Für die Forscher könnten diese Ergebnisse auch erklären, weshalb in Unternehmen bei Beförderungen immer wieder weniger kompetente Personen den Qualifizierteren vorgezogen werden. Selbstvertrauen kann einen Hinweis auf die wahre Kompetenz einer Person geben, doch Verlass gibt es darauf nicht. Viele Menschen brächten ein großes Selbstvertrauen in ihr Können mit, obwohl es ihnen an Fähigkeiten und Kompetenzen mangele, so die Wissenschaftler.
In sechs Experimenten untersuchten die Forscher, warum Menschen sich selbst überschätzen und weshalb durch eine hohe Selbstsicherheit auch der soziale Status steigt. In einer Untersuchung wurde MBA-Studenten eine Liste mit historischen Namen, Ereignissen und Buchtiteln vorgelegt und die Studenten sollten anstreichen, welche dieser Namen sie kannten. Neben Begriffen wie Maximilien Robespierre, Pygmalion und Doktor Faustus enthielt die Liste auch Fantasienamen.

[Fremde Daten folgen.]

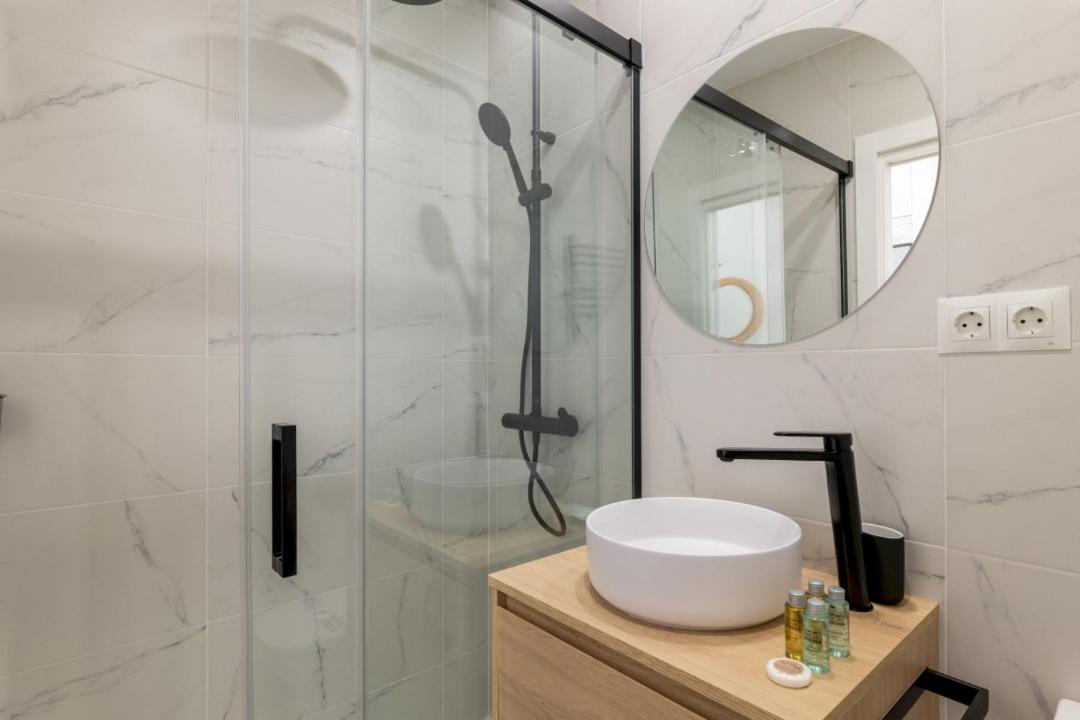 2 Bedrooms 2 Bathrooms Furnished - Retiro - Refurbished - Mintystay Madrid Buitenkant foto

Wer viele erdachte Begriffe als bekannt markierte, wurde von den Studienautoren als besonders selbstsicher eingestuft, weil er das eigene Wissen überschätzte. Am Ende des Semesters wurden die Studenten nach den Kommilitonen mit dem höchsten Sozialstatus befragt: Wer im ersten Test mit viel Selbstvertrauen auffiel, erhielt auch hier Top-Werte. Die selbstsicheren Studenten galten in ihrer Gruppe keineswegs als selbstverliebt sondern waren wirklich beliebt.

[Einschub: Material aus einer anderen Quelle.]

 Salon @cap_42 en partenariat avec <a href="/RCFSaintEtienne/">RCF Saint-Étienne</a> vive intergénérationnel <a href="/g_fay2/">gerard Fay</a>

Aufstieg durch überdurchschnittliches Selbstvertrauen
Ein weiteres Experiment untersuchte die Verhaltensweisen der Personen mit einem überdurchschnittlichen Selbstvertrauen, etwa ihre Körpersprache, ihre Stimme und ihre Interaktion mit Kollegen. Besonders selbstsichere Personen hatten mehr Redeanteile, eine souveräne Stimme und verhielten sich in der Zusammenarbeit mit Kollegen gelassen. Insgesamt beteiligten sie sich mehr und verhielten sich überzeugender als weniger selbstsichere Personen mit mehr Fachkenntnissen.
Die Wissenschaftler untersuchten schließlich auch, weshalb Menschen selbstsicherer als andere agieren - ein Grund liegt im Streben nach Macht. Probanden mit einem Bedürfnis nach Ansehen überschätzten sich eher als andere. Die finale Frage der Forscher: Steigt jemand auf der Karriereleiter auf, weil er ein überdurchschnittliches Selbstvertrauen mitbringt oder bringt er das mit, weil er eine höhere Position im Unternehmen einnimmt? Sowohl als auch. Ein hoher Posten kann mehr Selbstvertrauen mit sich bringen. Zugleich erreichen Personen mit viel Selbstvertrauen diesen Posten eher als andere.
Die Forschungsergebnisse sollen unter dem Titel "A Status-Enhancement Account of Overconfidence" im Journal of Personality and Social Psychology erscheinen. Sie stammen von Cameron Anderson von der University of California Berkeley, Sebastien Brion von der IESE Business School, University of Navarra, sowie Don Moore und Jessica A. Kennedy aus Berkeley. Für die Studie konzipierten die Forscher sechs Experimente, an denen knapp 1.200 Versuchspersonen teilnahmen.